Table of Contents
This section gives a brief overview of the architechture used in BASE. This is a good starting point if you need to know how various parts of BASE are glued together. The figure below should display most of the importants parts in BASE. The following sections will briefly describe some parts of the figure and give you pointers for further reading if you are interested in the details.
BASE stores most of it's data in a database. The database is divided into two parts, one fixed and one dynamic part.
The fixed part contains tables that corresponds
to the various items found in BASE. There is, for example, one table
for users, one table for groups and one table for reporters. Some items
share the same table. Biosources, samples, extracts and labeled extracts are
all biomaterials and share the BioMaterials
table. The access
to the fixed part of the database goes through Hibernate in most cases
or through the the Batch API in some cases (for example, access to reporters).
The dynamic part of the database contains tables for storing analyzed data. Each experiment has it's own set of tables and it is not possible to mix data from two experiments. The dynamic part of the database can only be accessed by the Batch API and the Query API using SQL and JDBC.
Note | |
---|---|
The actual location of the two parts depends on the database that is used. MySQL uses two separate databases while PostgreSQL uses one database with two schemas. |
Hibernate (www.hibernate.org) is an
object/relational mapping software package. It takes plain Java objects
and stores them in a database. All we have to do is to set the properties
on the objects (for example: user.setName("A name")
). Hibernate
will take care of the SQL generation and database communication for us.
This is not a magic or automatic process. We have to provide mapping
information about what objects goes into which tables and what properties
goes into which columns, and other stuff like caching and proxy settings, etc.

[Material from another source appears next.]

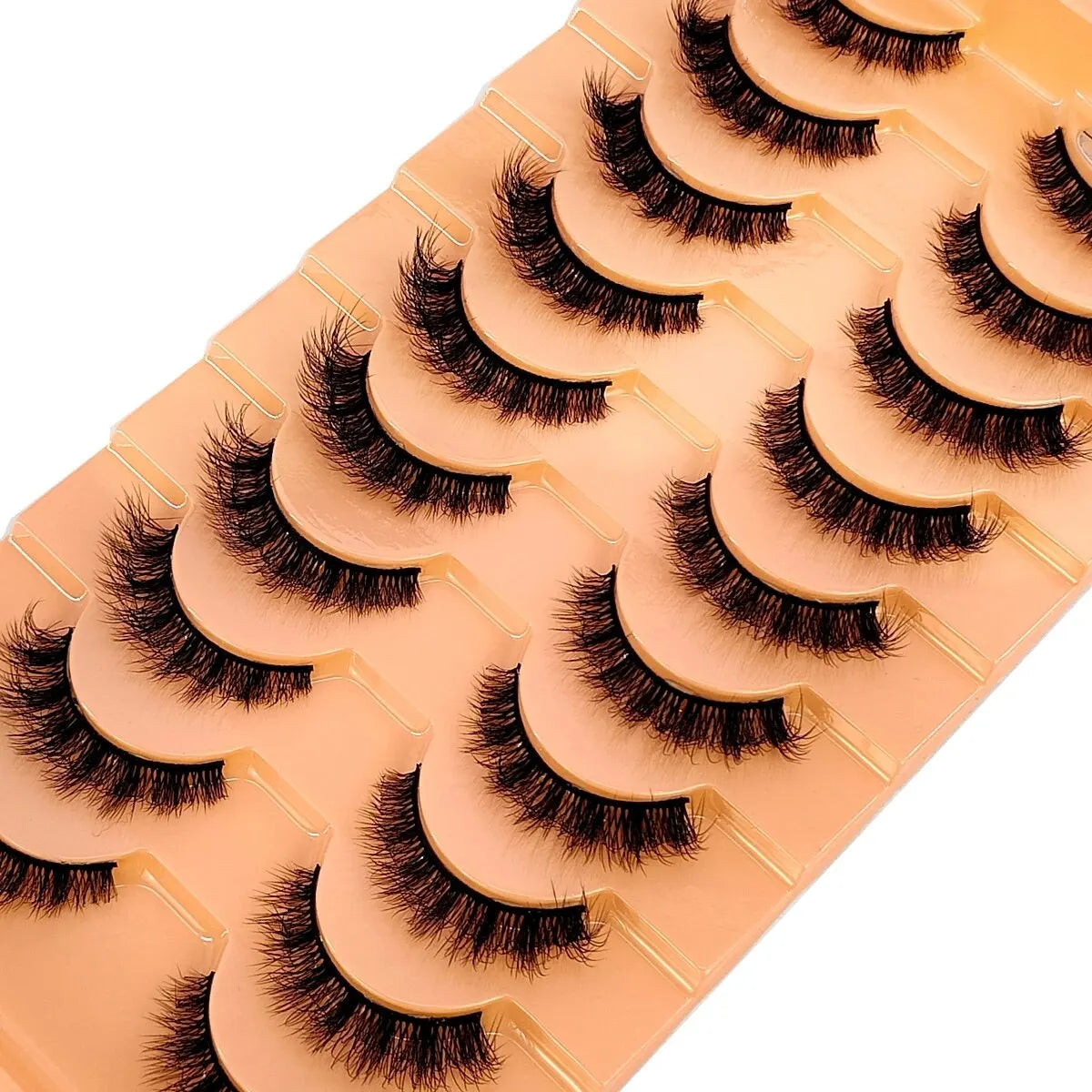 New 7/10 Pairs Faux Mink Eyelashes Handmade False Eyelashes Natural Nude Makeup Simulation Cross Messy Eye 3D Curly Eyelashes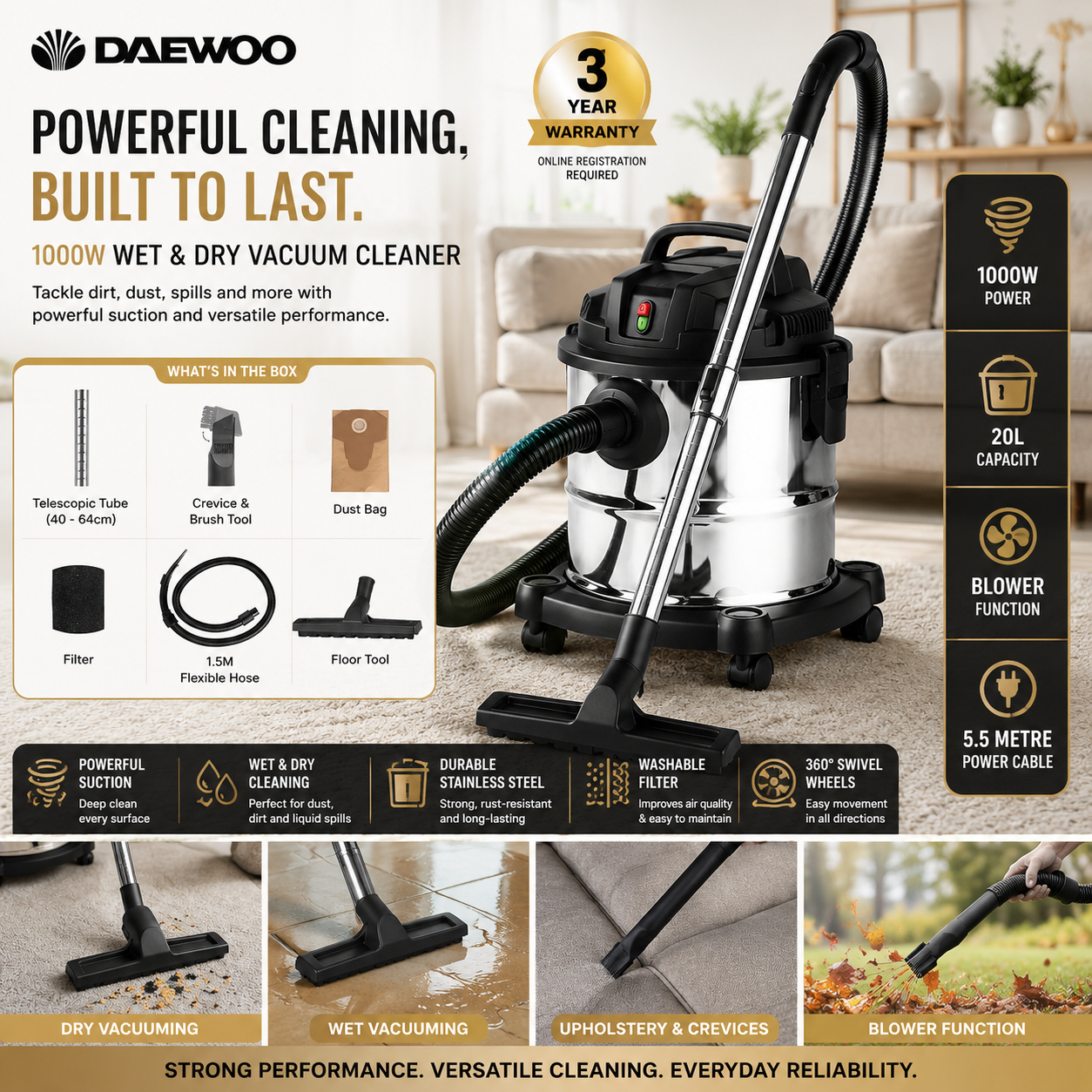 Daewoo 1000W Wet & Dry Vacuum Cleaner 20L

This is done by annotating the code with Javadoc comments. The classes
that are mapped to the database are found in the net.sf.basedb.core.data
package, which is shown as the Data classes box in the image above.
The HibernateUtil
Hibernate supports many different database systems. In theory, this means
that BASE should work with all those databases. However, in practice we have
found that this is not the case. For example, Oracle converts empty strings
to null
values, which breaks some parts of our code that
expects non-null values. Another difficulty is that our Batch API and some parts of
the Query API:s generates native SQL as well. We try to use database dialect information
from Hibernate, but it is not always possible. The DbEngine
DefaultDbEngine
MySQLEngine
PostgresDbEngine
Hibernate comes with a price. It affects performance and uses a lot of memory. This means that those parts of BASE that often handles lots of items at the same time doesn't work well with Hibernate. This is for example reporters, array design features and raw data. We have created the Batch API to solve these problems.

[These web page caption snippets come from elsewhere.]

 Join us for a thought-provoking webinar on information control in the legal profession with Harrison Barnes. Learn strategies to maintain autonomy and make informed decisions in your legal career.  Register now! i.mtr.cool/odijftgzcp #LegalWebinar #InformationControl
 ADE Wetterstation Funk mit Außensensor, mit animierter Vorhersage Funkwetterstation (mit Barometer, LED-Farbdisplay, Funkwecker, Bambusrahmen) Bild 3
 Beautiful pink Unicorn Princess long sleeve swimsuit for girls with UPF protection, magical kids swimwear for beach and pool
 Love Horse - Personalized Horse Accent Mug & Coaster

The Batch API uses JDBC and SQL directly against the database. However, we
still use metadata and database dialect information available from Hibernate
to generate most of the SQL we need. In theory, this should make the Batch API
just as database-independent as Hibernate is. In practice there is some information
that we can't extract from Hibernate so we have implemented a simple
DbEngine
BatchableData
Note | |
---|---|
The main reason for the Batch API is to avoid the internal caching of Hibernate which eats lots of memory when handling thousands of items. Hibernate 3.1 introduced a new stateless API which among other things doesn't do any caching. This version was released after we had created the Batch API. We made a few tests to check if it would be better for us to switch back to Hibernate but found that it didn't perform as well as our own Batch API (it was about 2 times slower). In any case, we can never get Hibernate to work with the dynamic database, so the Batch API is needed. |
The data classes are, with few exceptions, for internal use. These are the classes that are mapped to the database with Hibernate mapping files. They are very simple and contains no logic at all. They don't do any permission checks or any data validation.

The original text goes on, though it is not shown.